The former cocaine dealer turned hip-hop royalty eviscerated government policies, from the Nixon administration and the Rockefeller drug laws up to present-day racial profiling. With his trademark sardonic drawl, the rapper ties up 45 years of ineffective governance with a common thread of racism and hypocrisy. His script, brought to life through Molly Crabapple’s stunning illustrations, starts in 1986, when the erstwhile Shawn Carter “was coming of age.” He describes a ramped up War on Drugs in inner cities, where “drug dealers were monsters” and “young men like me who hustled became the sole villain.” This tunnel vision caused America’s incarceration rates to skyrocket, as judges were pressured to hand out mandatory life sentences for possession charges and low-level drug sales.

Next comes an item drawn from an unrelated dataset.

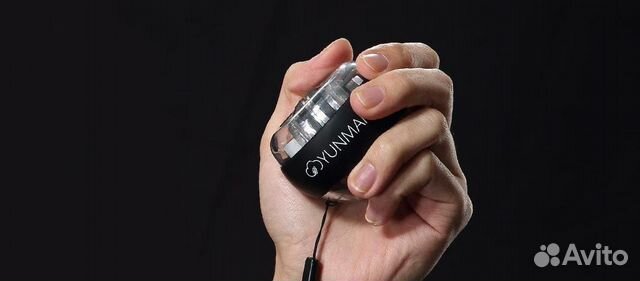 Тренажер для рук кистевой / эспандер Xiaomi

Jay Z notes that America’s prison population, which is disproportionately black and Latino, is bigger than any country’s in the world, even the countries “we consider autocratic, and oppressive.” He adds, dryly, “Yeah. More than them.” Next, he debunks the distinction between powder cocaine and crack cocaine. Crack, which is “still talked about as a black problem,” was penalized more harshly than powder cocaine. This racist sentencing policy privileged the powerful and imprisoned the powerless: “The NYPD raided our Brooklyn neighborhoods while Manhattan bankers openly used coke with impunity.”

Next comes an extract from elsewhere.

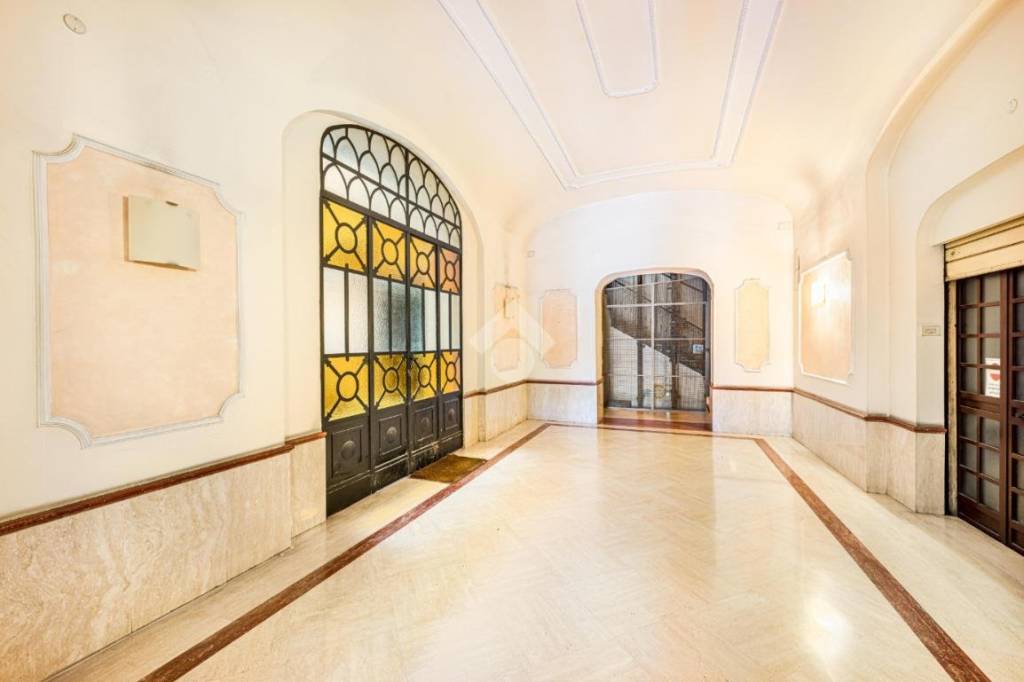 appartamento in vendita a Roma in zona Rione Borgo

While we’ve started to treat drug addiction as a serious health problem, Carter points out, “There’s no compassionate language about drug dealers.” The irony gets even richer, when we consider that “crimes” like possessing or selling marijuana are quickly becoming legal business ventures. Carter chronicles the transformation of chronic into a booming industry in places like Colorado—meanwhile, just a few states away, Louisiana is still handing out mandatory sentences for people who sell weed. He stresses that most states still disproportionately target blacks and Latinos for marijuana sales. Once they serve their sentences, these drug dealers are permanently marked as former felons, and barred from opening a marijuana dispensary. Venture capitalists move in to reap the rewards of legalization and are heralded as entrepreneurs, as the original dealers are shut out from one of the fastest-growing economies. In other words, rich white dudes can get richer doing the same thing that sent countless people of color to prison.

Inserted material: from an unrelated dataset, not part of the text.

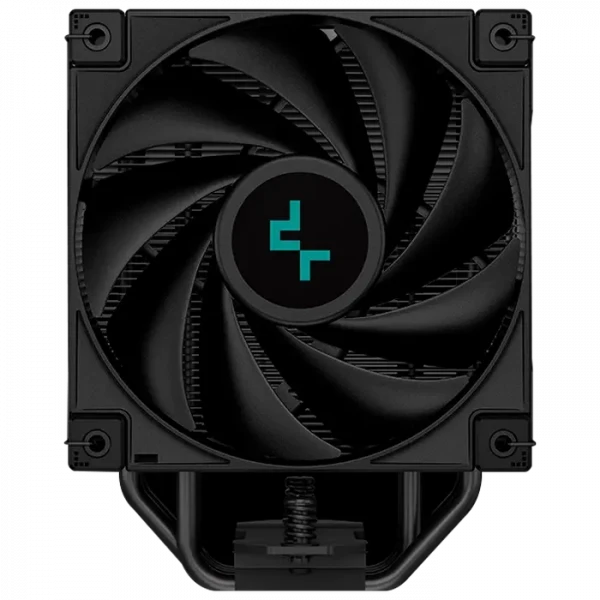Кулер для процессора Deepcool AK400 ZERO DARK PLUS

Jay Z ends by charting this brand of hypocrisy back home to New York: “Kids in Crown Heights are constantly stopped and ticketed for trees. Kids at dorms in Columbia, where rates of marijuana use are equal to or worse than those in the hood, are never targeted or ticketed.” Except, of course, if they’re students of color. Carter concludes that 45 years later, the rates of drug use are just as high as they were under Reagan, and “It’s time to rethink our policies and laws.”
The video, made in conjunction with the Drug Policy Alliance and Revolve Impact, seeks to educate on the wide-reaching impact of the drug war. It’s also tied to a specific policy measure, California’s Prop 64, which is described as “the most racial-justice-oriented marijuana legalization measure ever.” Having started his career as a rapper turning his drug dealing past into music, it’s only fitting that Shawn Carter was the one to elevate the story of the War on Drugs into art. Plus, condensing decades’ worth of information and policy into four minutes without making it sound like a speed-reading contest or a history lesson is a challenge worthy of the master of the flow.
While hip-hop fans know Jay Z as the genius behind albums like The Blueprint and The Black Album, and Beyoncé fans know him as an Instagram husband, Carter has never hidden his political proclivities. In the wake of the Baltimore and Ferguson Black Lives Matter protests, Jay and Bey quickly wired tens of thousands of dollars to help activists post bail. Carter has donated over a million dollars to BLM, and dropped a police brutality protest song, “Spiritual,” following the murders of Alton Sterling and Philando Castile. Just consider this the latest phase in Beyoncé and Jay Z’s secret Illuminati plot to make the world a better place.